Biscuit on my collar
The cookies had lines running across them like wrinkles. I thought I was biting into experience.
Biscuits and I go a long way...
My school tuck box would be filled with them. Later in life, I gave them identities.
The smooth sandwich ones with creamy fillings were Passion. On days when one could fling politesse away, I’d open the ‘sandwich’ and lick the orange/chocolate/caramel centre (although vanilla has remained a favourite) and as it slathered my tongue I’d take little bites of the ‘cover’. They meshed so beautifully in my mouth.
Then there were cheeslings, always a handful on the ready. They were my Moments. Even before I could feel them, they were gone…yet, they left a lingering cheesy taste.
At the local bakeries there would be fresh off-the-oven ones, sweet and shapely. I would eye them and devour them not due to hunger but a sense of devotion. They became Faith.
How can I forget the sturdy Glucose-Marie combo that stayed with me? I have sometimes made a meal of them, dunked a few in cold milk and, just before they turn squishy, I spoon them. They are wet and white, my shining Knights.
I love biscuits, sweet, salted, or even the bland and nutty ones, the latter often serving as dessert.

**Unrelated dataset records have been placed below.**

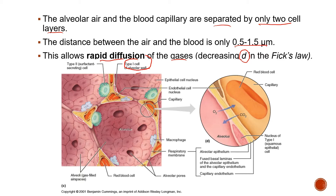The other type is Type 2, which are surfactant-secreting cells. They are cuboidal and do not have as large a surface area as Type 1, but they function in secreting pulmonary surfactant — a fatty substance that helps reduce alveolar surface tension. Surfactant is released via exocytosis; without it, the alveoli would collapse.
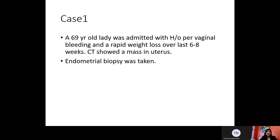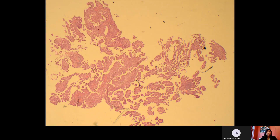Our first case is a 69-year-old lady who was admitted with history of pervaginal bleeding and rapid weight loss over the last six to eight weeks. CT scans showed a mass in uterus, and an endometrial biopsy was taken. This picture shows a low-power view of a papillary tumor with broad fibrovascular cores and cellular budding.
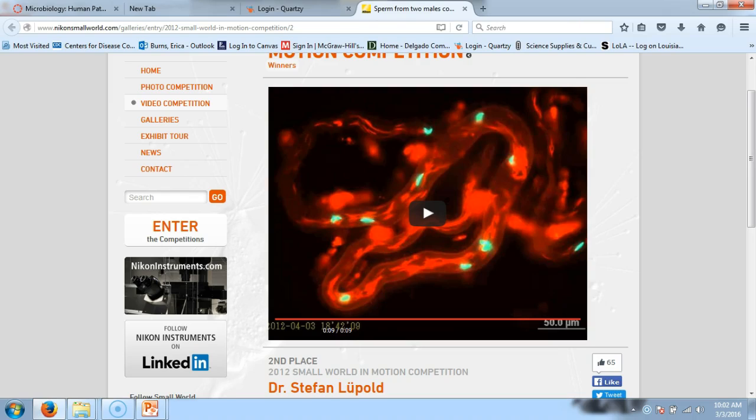Additional testing revealed the female fruit fly actually wants some of each male's sperm to win for diversity, so her reproductive tract chemistry tries to diminish sperm competitiveness. We wouldn't have scratched the surface of this discovery without genetically modifying and labeling sperm from different males. These fluorescent proteins exist naturally in jellyfish — scientists took that code and put it into virtually anything imaginable, including bacteria, to label and study biological processes.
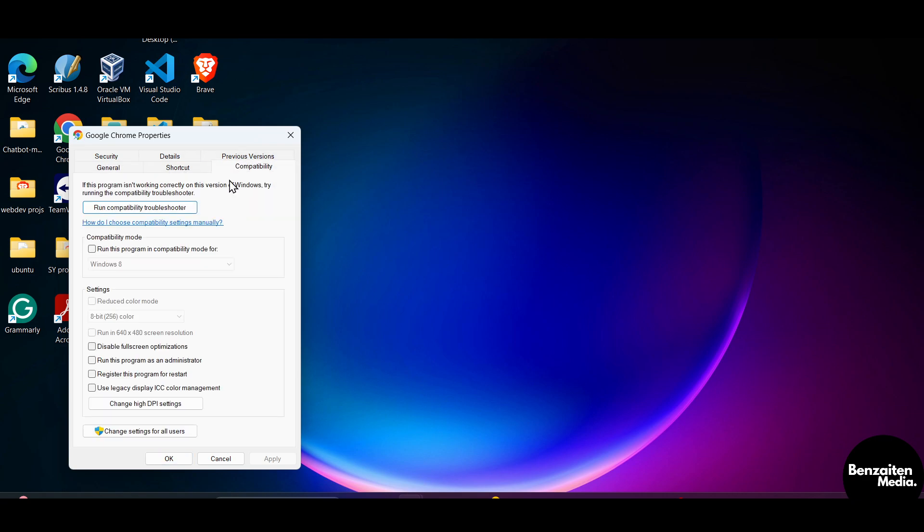In the Compatibility section, run this program in compatibility mode for Windows 11, then click 'Run Compatibility Troubleshooter'. This will troubleshoot and scan all the cached and virus files of your Google Chrome.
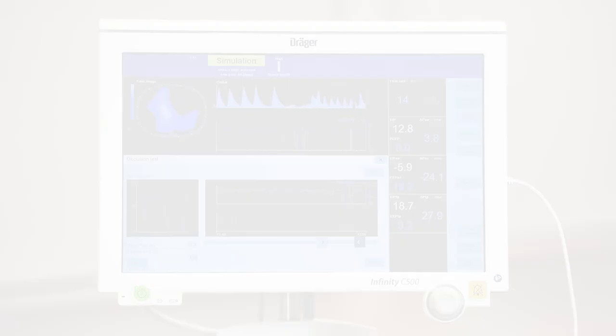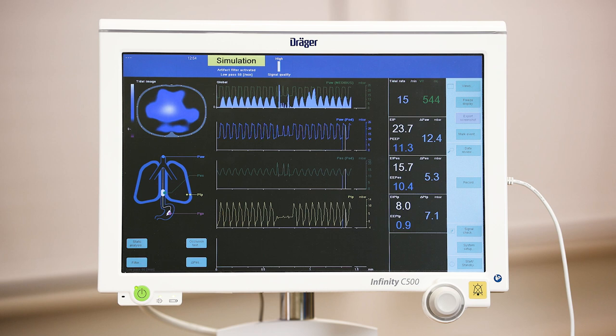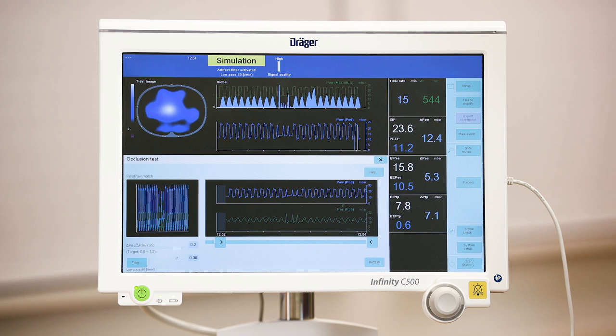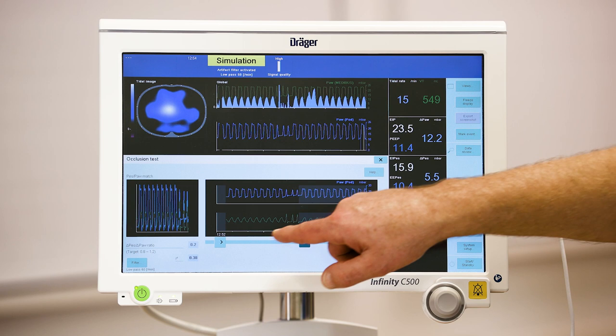For sedated patients, apply external manual chest compressions. Use the sliders to mark the occlusion phase, which should now include positive swings caused by the compression.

I am discovering how innovative one can be with these humble munchies. I put in strips of cheese between them; I make a mélange with yoghurt; I warm them; I freeze them.
They do not let me down. I have had them in the morning for breakfast and later for lunch and then dinner again.
It fortifies my belief that there is always a lot to discover about just one thing. As those brown flakes fall on my t-shirt, I do not have the heart to brush them away. I gather them in a paper napkin and fold it into a cone. Tilting my mouth the crumbs fall in and are gone.
I cannot remember who said it or even the exact words, but it was about how the bricks flung at one can be made to create a foundation.That thought trails me. For a strange reason I think about it as I bite into those wrinkled cookies. I have never tasted bricks – not any that memory allows – but biscuits have been a part of my life. Perhaps, if you were to fling a choco-chip my way I'd crush it beneath my feet and create a mud track to walk on.